» **YOUR GOAL**: Output the full listing below exactly, without the pictures.

» **DATA EXTRACT**:
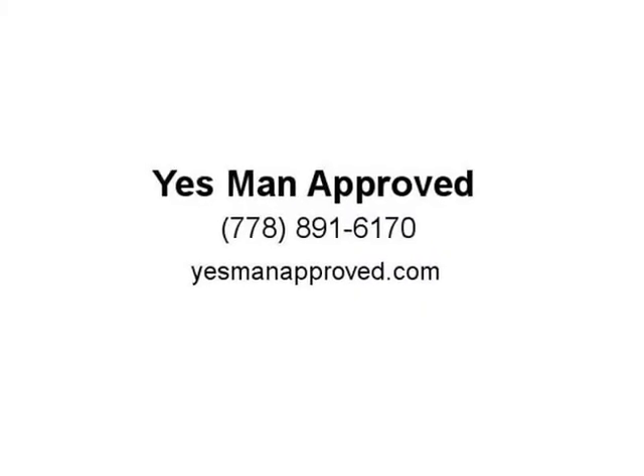Metro Ford was established in 1965 and has been serving the Port Coquitlam, Port Moody, Surrey, Vancouver, Langley, Maple Ridge and surrounding areas for more than 50 years — your one-stop shop for new and used vehicles.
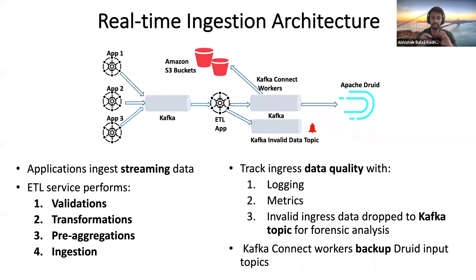Note that the ETL service itself doesn't perform any batching of any sort — it's solely real-time ingestion. Also, the resulting data ingested into Druid is null-compliant and is mostly valid and sane.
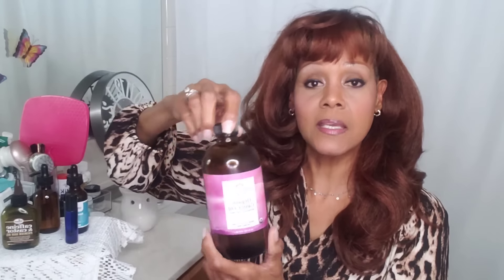Let's get started. First of all, I'm going to show you the brand that I use. This is my favorite — the Heritage Store brand castor oil. It's cold-pressed, organic, hexane-free, and it comes in the dark bottle. It is also vegan and cruelty-free.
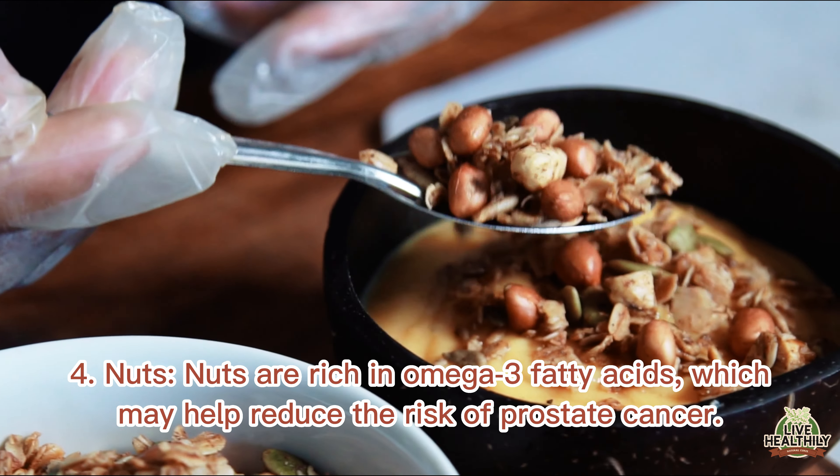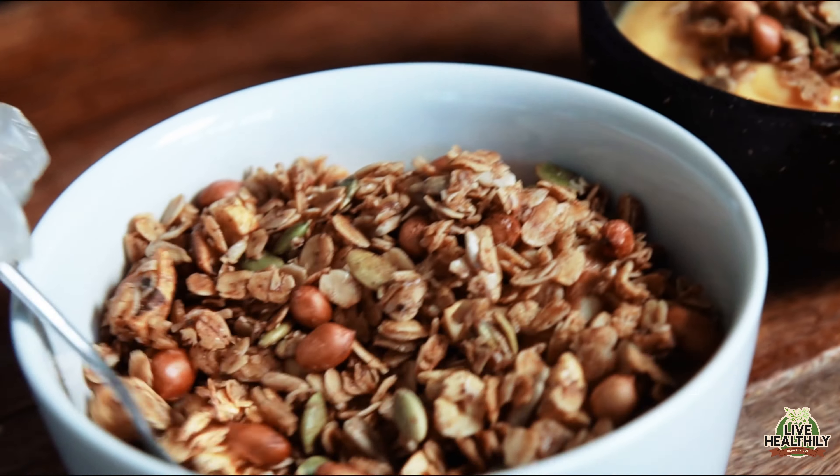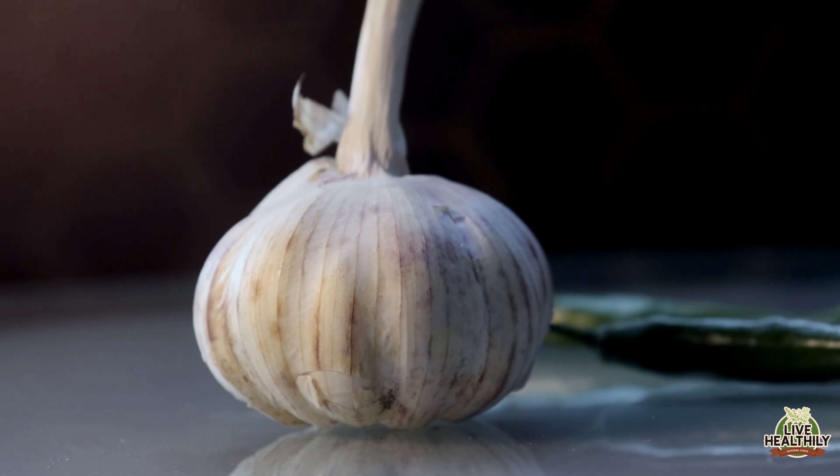4. Nuts. Nuts are rich in omega-3 fatty acids, which may help reduce the risk of prostate cancer. They are also a good source of selenium, a mineral that may have anti-cancer properties.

» **ANSWER TO THE EXERCISE**:
Metro Ford was established in 1965 and has been serving the Port Coquitlam, Port Moody, Surrey, Vancouver, Langley, Maple Ridge and surrounding areas for more than 50 years — your one-stop shop for new and used vehicles.
Note that the ETL service itself doesn't perform any batching of any sort — it's solely real-time ingestion. Also, the resulting data ingested into Druid is null-compliant and is mostly valid and sane.
Let's get started. First of all, I'm going to show you the brand that I use. This is my favorite — the Heritage Store brand castor oil. It's cold-pressed, organic, hexane-free, and it comes in the dark bottle. It is also vegan and cruelty-free.
4. Nuts. Nuts are rich in omega-3 fatty acids, which may help reduce the risk of prostate cancer. They are also a good source of selenium, a mineral that may have anti-cancer properties.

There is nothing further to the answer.